# Optimizer 

[![Open In Colab](https://colab.research.google.com/assets/colab-badge.svg)](https://colab.research.google.com/github/Mitchell-Mirano/sorix/blob/qa/docs/learn/optimizers/06-Optimizer.ipynb)
[![Open in GitHub](https://img.shields.io/badge/Open%20in-GitHub-black?logo=github)](https://github.com/Mitchell-Mirano/sorix/blob/qa/docs/learn/optimizers/06-Optimizer.ipynb)
[![Open in Docs](https://img.shields.io/badge/Open%20in-Docs-blue?logo=readthedocs)](http://127.0.0.1:8000/sorix/learn/optimizers/06-Optimizer)

In Sorix, the `Optimizer` base class serves as the foundation for all optimization algorithms (like SGD, Adam, or RMSprop). It provides common utilities for updating model parameters but leaves the actual update logic to its subclasses.

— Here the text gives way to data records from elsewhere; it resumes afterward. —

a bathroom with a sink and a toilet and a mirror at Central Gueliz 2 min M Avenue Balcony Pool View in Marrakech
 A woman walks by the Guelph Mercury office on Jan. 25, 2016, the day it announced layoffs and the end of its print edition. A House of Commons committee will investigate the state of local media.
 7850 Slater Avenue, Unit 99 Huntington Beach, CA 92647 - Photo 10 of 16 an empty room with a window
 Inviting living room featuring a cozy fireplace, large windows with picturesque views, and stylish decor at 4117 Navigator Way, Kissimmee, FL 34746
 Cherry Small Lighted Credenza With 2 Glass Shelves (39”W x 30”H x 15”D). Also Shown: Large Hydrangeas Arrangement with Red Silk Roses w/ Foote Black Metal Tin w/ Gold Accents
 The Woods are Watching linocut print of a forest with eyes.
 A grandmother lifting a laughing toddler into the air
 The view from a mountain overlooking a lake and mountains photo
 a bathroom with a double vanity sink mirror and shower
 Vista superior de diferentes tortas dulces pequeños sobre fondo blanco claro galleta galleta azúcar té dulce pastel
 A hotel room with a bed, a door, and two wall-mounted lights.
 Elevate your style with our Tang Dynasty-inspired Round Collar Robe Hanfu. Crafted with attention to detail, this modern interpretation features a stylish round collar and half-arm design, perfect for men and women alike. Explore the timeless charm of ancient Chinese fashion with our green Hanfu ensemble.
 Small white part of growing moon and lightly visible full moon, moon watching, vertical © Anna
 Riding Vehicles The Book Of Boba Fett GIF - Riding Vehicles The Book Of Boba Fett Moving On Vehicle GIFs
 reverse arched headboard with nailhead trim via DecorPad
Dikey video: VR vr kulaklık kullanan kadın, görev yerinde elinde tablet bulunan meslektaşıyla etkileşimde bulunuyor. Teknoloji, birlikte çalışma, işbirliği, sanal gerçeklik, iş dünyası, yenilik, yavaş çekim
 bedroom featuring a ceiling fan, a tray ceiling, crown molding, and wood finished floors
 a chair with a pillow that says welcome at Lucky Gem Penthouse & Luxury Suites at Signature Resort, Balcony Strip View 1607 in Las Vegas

By inheriting from `Optimizer`, you can easily implement your own optimization logic for research or specialized use cases.

## Anatomy of the Optimizer Class

Every optimizer in Sorix must follow a simple contract:

1. **`__init__(self, parameters, lr)`**: Receives a list of `Tensor` objects to optimize and a learning rate.
2. **`zero_grad()`**: Clears the `.grad` attribute of all parameters.
3. **`step()`**: The heart of the optimizer, where you define how to modify `parameter.data` using `parameter.grad`.

## 1. Creating a Custom Optimizer

Let's implement a **Sign Gradient Descent** optimizer. Instead of scaling the gradient, it only looks at the sign (direction) of the gradient and moves by a fixed step size $\eta$:

$$w = w - \eta \cdot \text{sign}(\nabla w)$$

This can be useful for robust optimization in noisy environments.

In [1]:
# Uncomment the next line and run this cell to install sorix
#!pip install 'sorix @ git+https://github.com/Mitchell-Mirano/sorix.git@qa'

In [2]:
import numpy as np
from sorix.optim import Optimizer
from sorix import tensor

class SignSGD(Optimizer):
    def __init__(self, parameters, lr=0.01):
        # Initialize using the base class
        super().__init__(parameters, lr)
        
    def step(self):
        for param in self.parameters:
            if param.grad is not None:
                # Only update based on the sign of the gradient
                # We use self.xp to correctly handle CPU or GPU
                param.data -= self.lr * self.xp.sign(param.grad)

# Create a simple model
w = tensor([10.0], requires_grad=True)
optim = SignSGD([w], lr=2.0)

print(f"Initial value: {w.item():.2f}")
for i in range(5):
    loss = (w - 2.0)**2
    loss.backward()
    optim.step()
    optim.zero_grad()
    print(f"Step {i+1} | Value: {w.item():.2f} (Moved by exactly 2.0 per step)")

Initial value: 10.00
Step 1 | Value: 8.00 (Moved by exactly 2.0 per step)
Step 2 | Value: 6.00 (Moved by exactly 2.0 per step)
Step 3 | Value: 4.00 (Moved by exactly 2.0 per step)
Step 4 | Value: 2.00 (Moved by exactly 2.0 per step)
Step 5 | Value: 2.00 (Moved by exactly 2.0 per step)


## 2. Managing Internal State

Many optimizers (like Adam or SGD with Momentum) need to track additional state for each parameter across time (e.g., historical gradients). 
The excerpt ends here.